BB3 and renal transplantation
We have completed Phase 1 studies on BB3 in volunteers and patients, and conducted an interim analysis on a Phase 2 study in renal transplant patients at risk for delayed graft function (DGF) after receiving a suboptimal kidney.
In the Phase 2 study, patients were enrolled in the study post-transplant if they had low or no urine output. Three intravenous doses of BB3 were administered, the first dose given within 36 hours of transplant, and then 24 and 48 hours later. Renal function and other measures of severity of DGF were assessed over 28 days.
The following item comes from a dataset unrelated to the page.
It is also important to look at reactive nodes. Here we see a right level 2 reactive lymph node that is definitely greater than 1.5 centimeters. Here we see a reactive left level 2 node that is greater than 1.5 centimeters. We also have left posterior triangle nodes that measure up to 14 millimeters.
The primary endpoint was the time to produce 1.2 liter of urine in 24 hr, and secondary endpoints included serum creatinine, number of dialysis sessions, total daily urine output, number of acute rejection episodes, length of hospitalization, and effect on exploratory biomarkers.
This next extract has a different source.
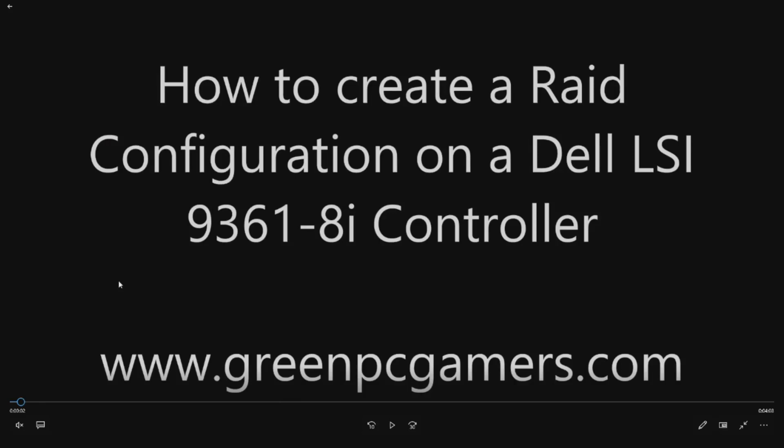This is Jay BigTicket23 from GreenPCGamers.com. In this video, we're going to show you how to create a RAID configuration on a Dell LSI 9361 8i controller.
The interim analysis showed that BB3:
- BB3 increased urine output and lowered serum creatinine
- BB3 reduced need for dialysis and shortened length of hospital stay
These observations will be confirmed and extended in our ongoing Phase 3 study, called GIFT (Graft Improvement Following Transplantation). Renal transplant recipients receiving a suboptimal kidney will be randomized to 3 IV doses of BB3 or placebo, administered daily started within 30 hours of transplant. About 152 patients will be enrolled. The primary endpoint is duration of dialysis. Secondary endpoints include other measures of renal function.
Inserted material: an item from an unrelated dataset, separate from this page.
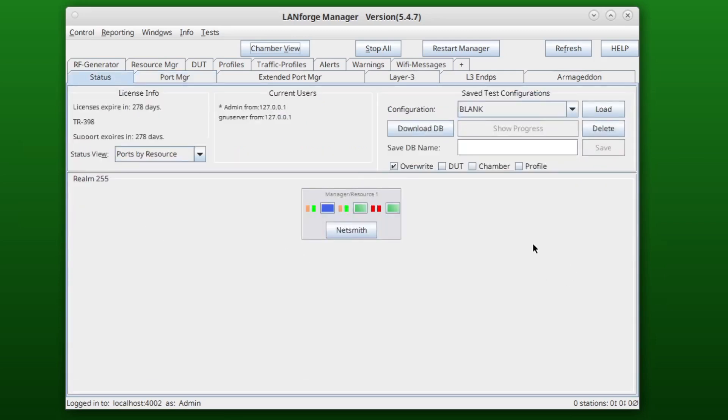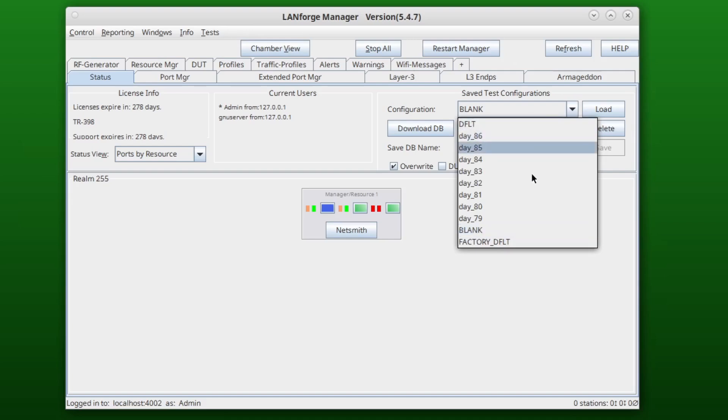To load a new test configuration, click the dropdown under Save Test Configurations, select the one you would like to load, and click Load.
BB3 and acute kidney injury
Angion is also enrolling patients in a Phase 2 study on the ability of BB3 to treat acute kidney injury (AKI) in patients who undergo open heart surgery that uses cardiopulmonary bypass, also called a heart-lung machine. Patients with certain predisposing conditions such as existing kidney disease, previous cardiac surgery, compromised heart function, advanced age, and diabetes have a higher risk of kidney injury following surgery.
AKI is one of the most serious and frequent in-hospital complications and is associated with increased mortality, need for dialysis, longer length of hospital stay, an increased risk of infection, an increased incidence of chronic kidney disease, and therefore, increased costs to health systems. There is currently no FDA approved drug therapy for the prevention or treatment of AKI.
The Phase 2 study, called GUARD (GUard Against Renal Damage) is a multicenter, randomized, placebo-controlled, double-blind study involving approximately 100 patients in the U.S. that have risk factors for AKI.